### Task to complete
Write out, word for word, each line from the start of the entries through the one holding "Large Zip Ties"; omit the pictures.

### Records for processing
──────

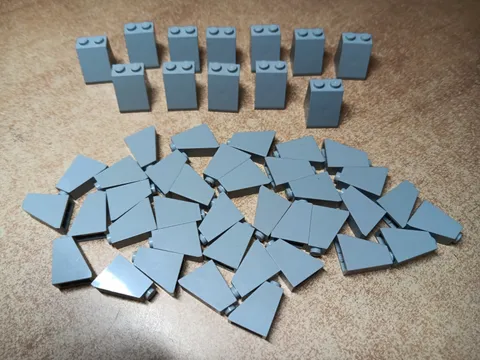 LEGO BULK LOT OF 49 LIGHT BLUISH GRAY SLOPE BRICKS 65° 2X1X2 2X2X2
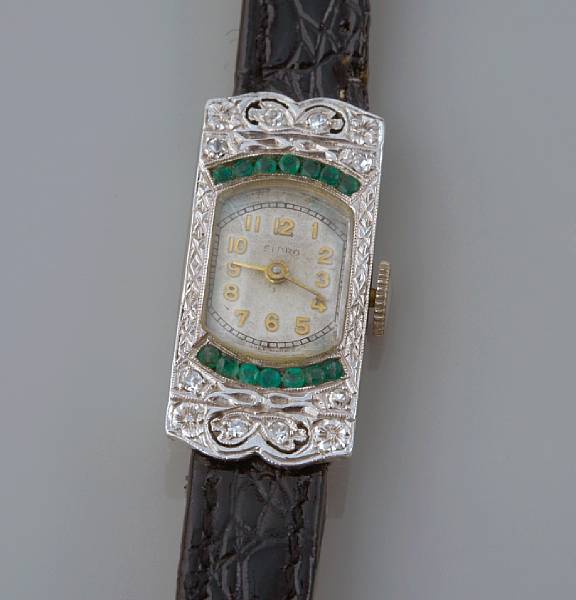 Appraisal: An emerald and diamond watch Swiss movement with later strap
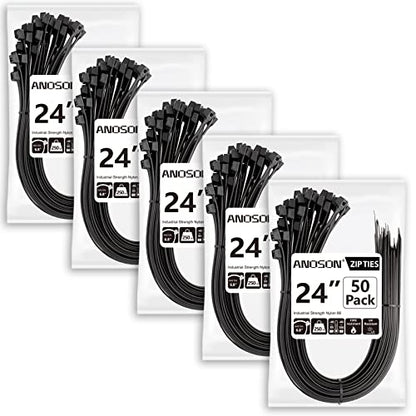 Large Zip Ties Heavy Duty Outdoor 24 inch (250 Pack), Heavy Duty Zip Ties 220 lbs, Black, by ANOSON - size: 24"/250 pk (220 Lb)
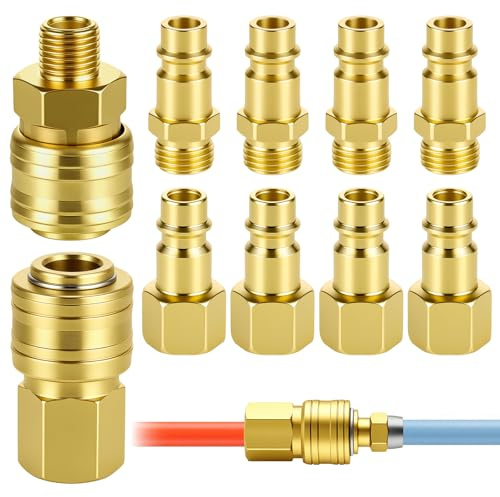 Huiguli 10 Pièces Raccord Rapide Air Comprimé, 1/4BSP Européen | Raccord Pneumatique, Raccords de Compresseur, Raccordement du Soufflette Air Comprimé/Tuyau Compresseur D'air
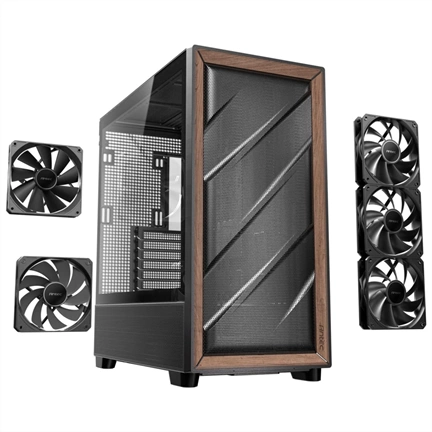 Antec Flux számítógépház - edzett üveg, prémium fa keret, 5db PWM ventilátor, E-ATX, fekete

──────

### Solution to this problem
 LEGO BULK LOT OF 49 LIGHT BLUISH GRAY SLOPE BRICKS 65° 2X1X2 2X2X2
 Appraisal: An emerald and diamond watch Swiss movement with later strap
 Large Zip Ties Heavy Duty Outdoor 24 inch (250 Pack), Heavy Duty Zip Ties 220 lbs, Black, by ANOSON - size: 24"/250 pk (220 Lb)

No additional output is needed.